Outside the Cockpit Door, a Fight to Save the Plane
The pilot turned the jetliner and headed east. The commission believes his target was the White House or the Capitol.
A woman, most likely a flight attendant, was held in the cockpit at one point. On the cockpit voice recorder, she could be heard struggling with a hijacker, who silenced her. A passenger soon reported in a another phone conversation that a flight attendant had been killed.
At 9:39, an air traffic controller overheard an announcement that there was a bomb on board and the airliner was returning to the airport. The fact that the controller heard it meant that the hijacker had pressed the wrong button on his radio. That also meant his words were not broadcast to the cabin.
The cockpit voice recorder, drawing from microphones in the pilots' headsets and an overhead panel, recorded the last 31 minutes of the flight. Also, at least 10 passengers and two crew members who had been forced to the back of the aircraft made calls on the plane's air phone system, learning of the World Trade Center attack.
At least five calls included word that passengers were discussing a revolt to retake the plane. One said they had voted on it.
"At 9:57 a.m.," the commission said, "the passenger assault began."
Ending a call to the ground, one woman aboard the plane said: "Everyone's running up to first class. I've got to go. 'Bye."
When the passengers charged, the hijackers' pilot, Ziad Samir Jarrah, rolled the airplane right and left, trying to knock the attackers off balance. At 9:58, he told another hijacker to block the door. A minute later, he pitched the nose of the airplane up and down for 11 seconds.
At 8 seconds past 10 o'clock, Jarrah asked a colleague: "Is that it? Shall we finish it off?"
The other hijacker replied, "No. Not yet. When they all come, we finish it off."
The recorder captured the sounds of continued fighting outside the cockpit, and Jarrah again dipped the airplane's nose.
At 26 seconds past 10, a passenger cried out: "In the cockpit. If we don't, we'll die!"

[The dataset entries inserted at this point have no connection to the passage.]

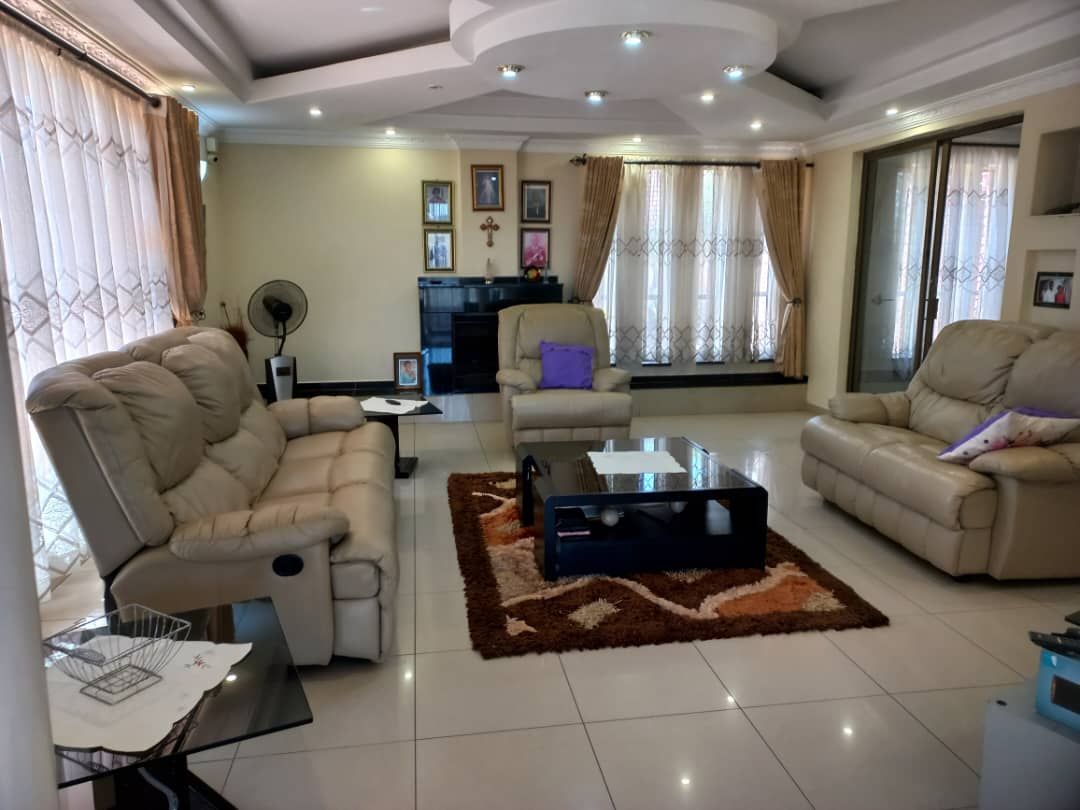 House For Sale in Glen Lorne. — photo 9
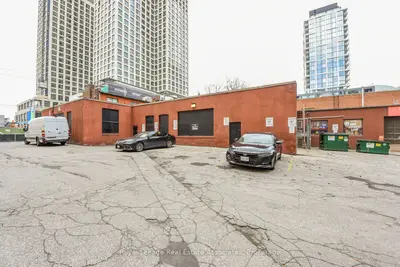 381 Richmond Street E C E D, Toronto, On M5a 1p6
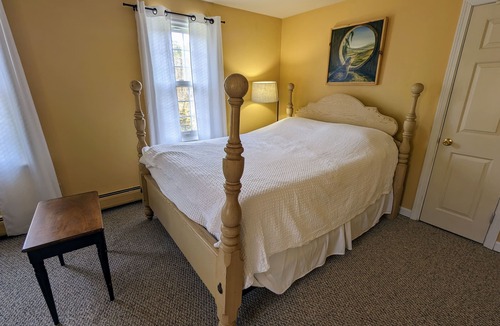 West Barnstable House | Experience Serene Nostalgia at Sadie's Place: A Charming West Barnstable Retrea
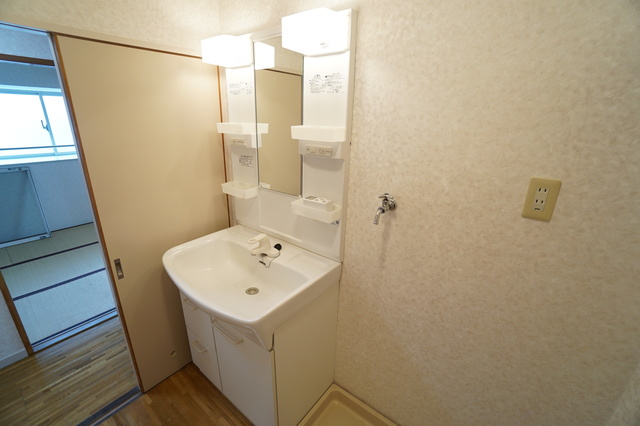 洗面設備　他のお部屋の参考写真です。準備中。。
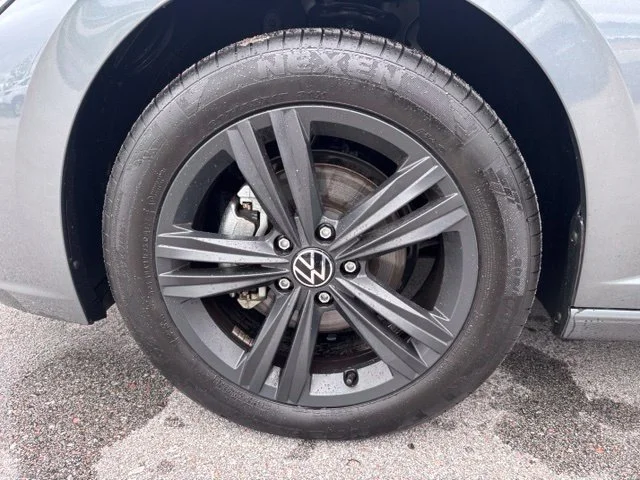 Used 2024 Gray Volkswagen 1.5T SE image 10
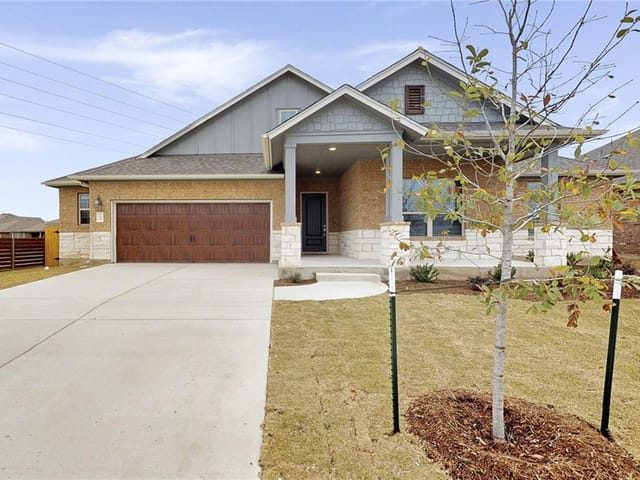 1208 Knowles DR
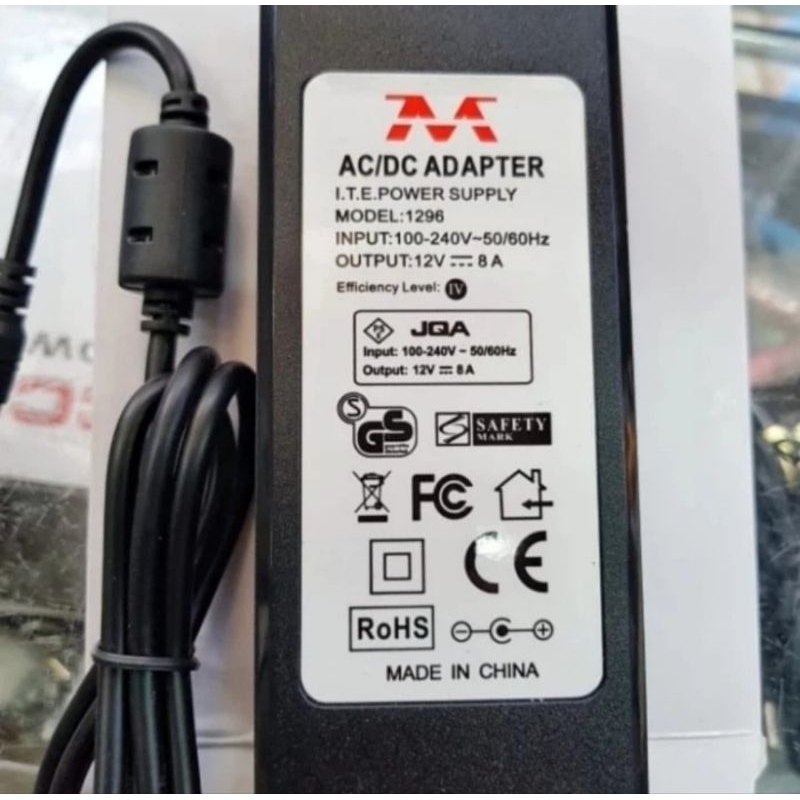 Adaptor 12V 8A DC M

Sixteen seconds later, a passenger yelled, "Roll it!" This appears to be distinct from "Let's roll!" -- the phrase made famous after Todd Beamer used it apparently to rally fellow passengers as he ended a call with a GTE Airfone operator.
At 10:01, Jarrah stopped the maneuvers and called out twice, "Allah is the greatest!" He asked his fellow hijacker again, "Is that it? I mean, shall we put it down?" This time his colleague answered, "Yes, put it in it, and pull it down."
Eighty-three seconds later, at 10:02:23, with sounds of the passenger assault still audible, the hijacker called out, "Pull it down! Pull it down!"
"Jarrah's objective was to crash his airliner into the symbols of the American republic, the Capitol or the White House," the commission wrote. "He was defeated by the alerted, unarmed passengers of United 93."